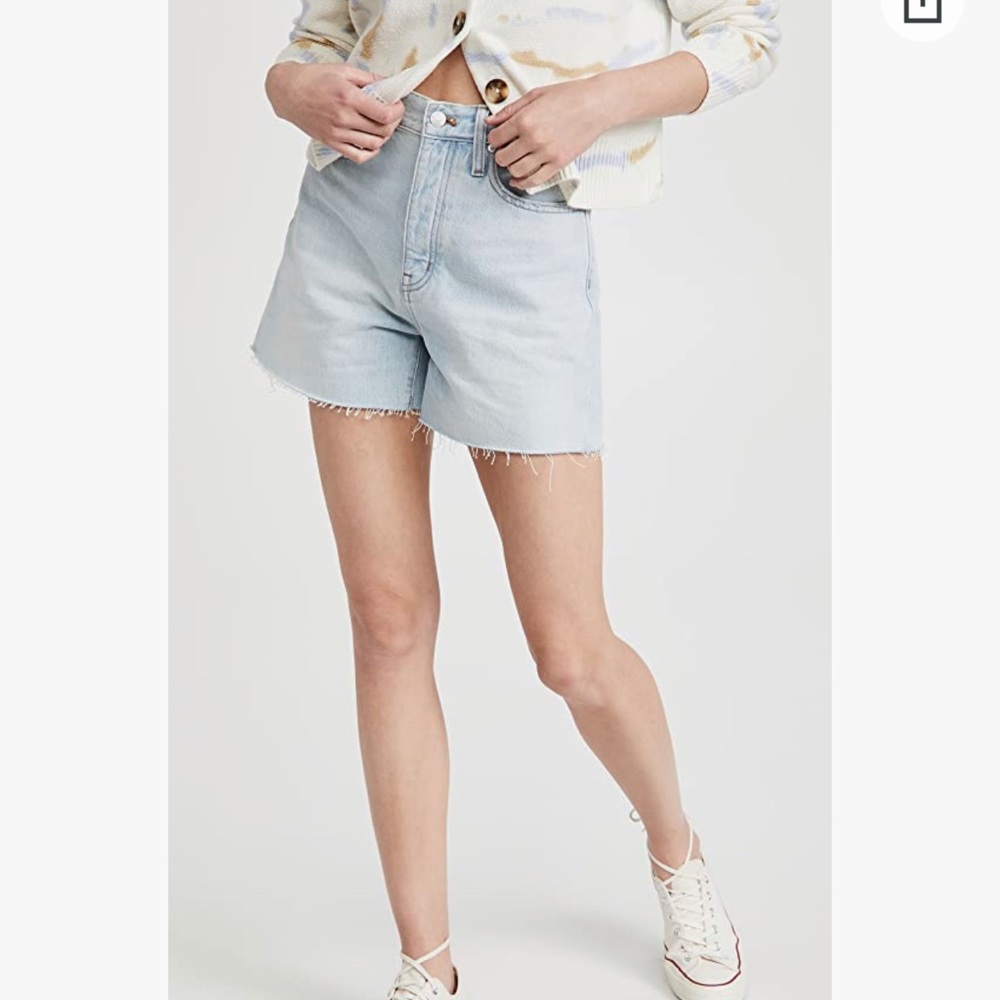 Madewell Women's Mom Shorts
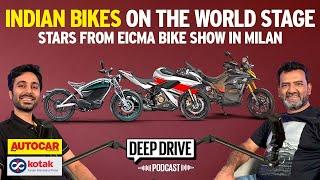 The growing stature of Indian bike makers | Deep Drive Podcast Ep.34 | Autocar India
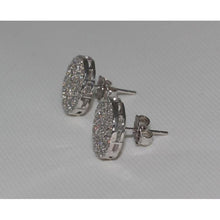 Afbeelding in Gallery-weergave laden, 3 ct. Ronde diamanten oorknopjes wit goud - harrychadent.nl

__________________________________________________

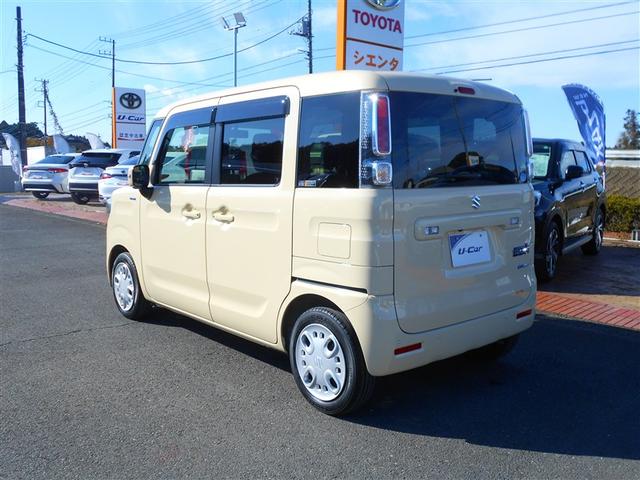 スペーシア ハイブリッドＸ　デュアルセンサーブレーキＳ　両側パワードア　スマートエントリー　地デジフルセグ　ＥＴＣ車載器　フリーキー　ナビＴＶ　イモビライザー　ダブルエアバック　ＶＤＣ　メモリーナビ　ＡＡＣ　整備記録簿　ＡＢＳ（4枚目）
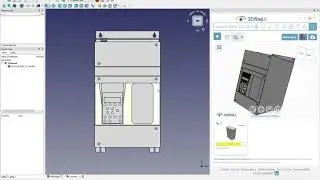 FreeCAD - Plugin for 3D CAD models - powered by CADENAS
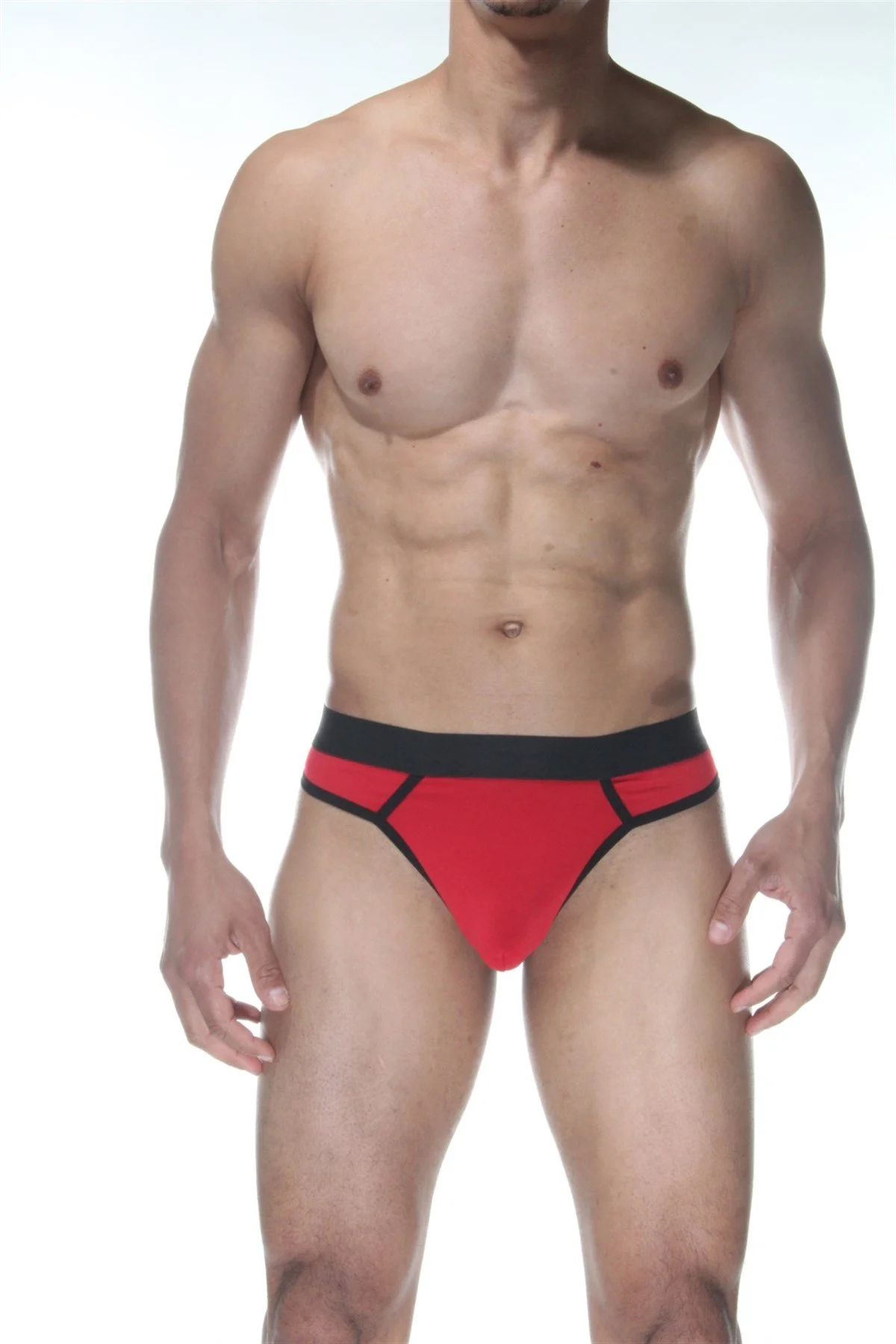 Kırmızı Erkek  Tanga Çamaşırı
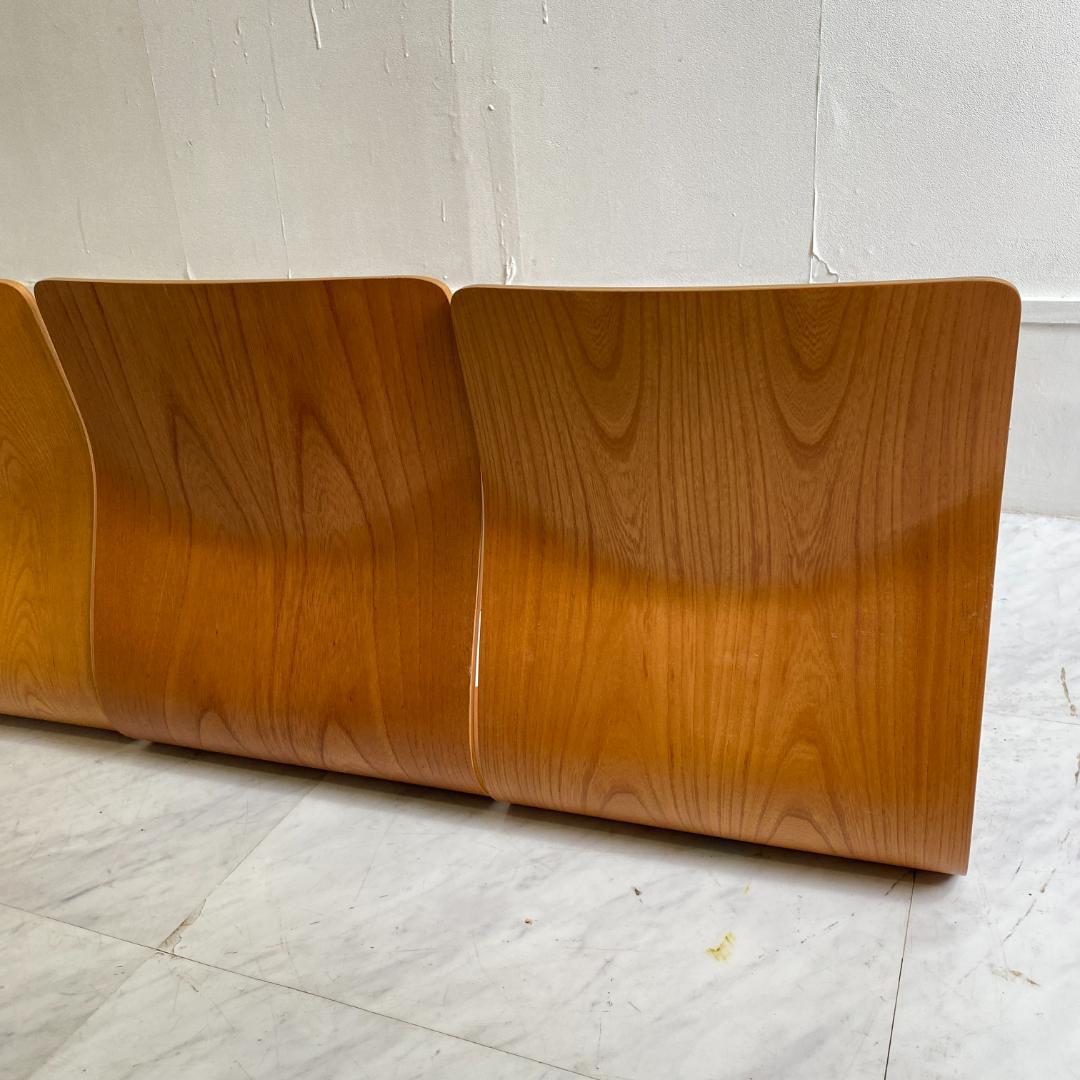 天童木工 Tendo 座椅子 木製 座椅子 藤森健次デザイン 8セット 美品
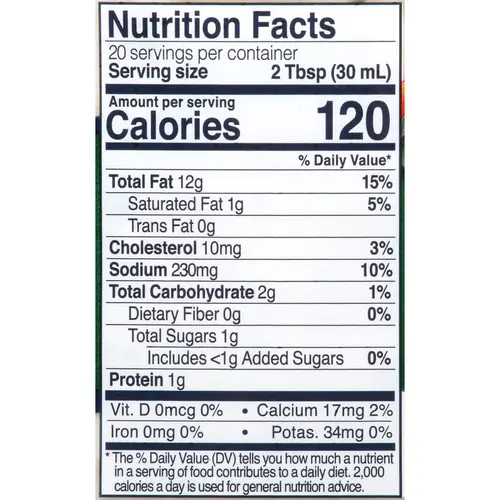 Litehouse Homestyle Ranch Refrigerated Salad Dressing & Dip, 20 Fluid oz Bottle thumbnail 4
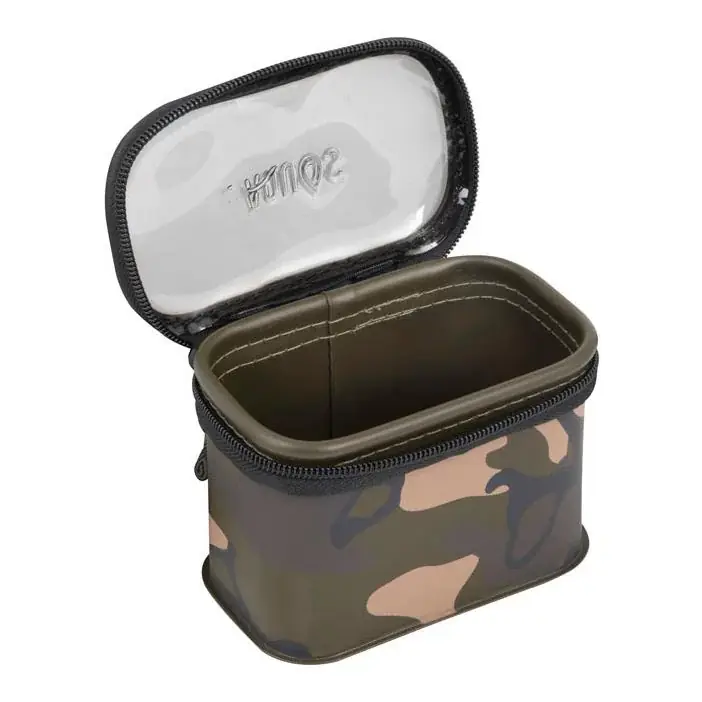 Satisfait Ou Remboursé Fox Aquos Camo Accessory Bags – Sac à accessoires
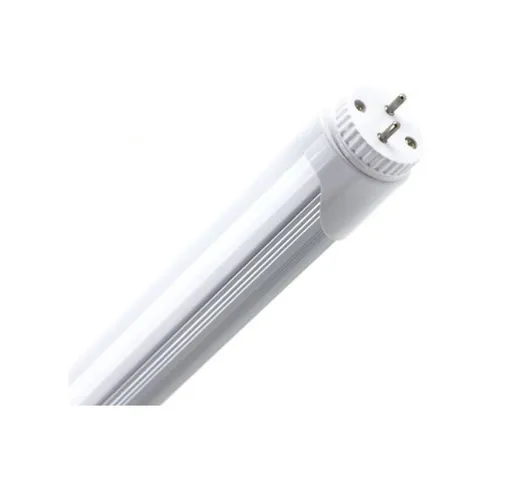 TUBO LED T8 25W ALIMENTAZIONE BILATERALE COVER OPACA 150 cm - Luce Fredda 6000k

__________________________________________________

- _Work instruction_:
Starting at the line above that holds "Madewell Women's Mom Shorts", return each line up to and including the one that holds "Afbeelding in Gallery-weergave", exactly as written, minus any pictures.

- _Solved problem_:
 Madewell Women's Mom Shorts
 The growing stature of Indian bike makers | Deep Drive Podcast Ep.34 | Autocar India
 Afbeelding in Gallery-weergave laden, 3 ct. Ronde diamanten oorknopjes wit goud - harrychadent.nl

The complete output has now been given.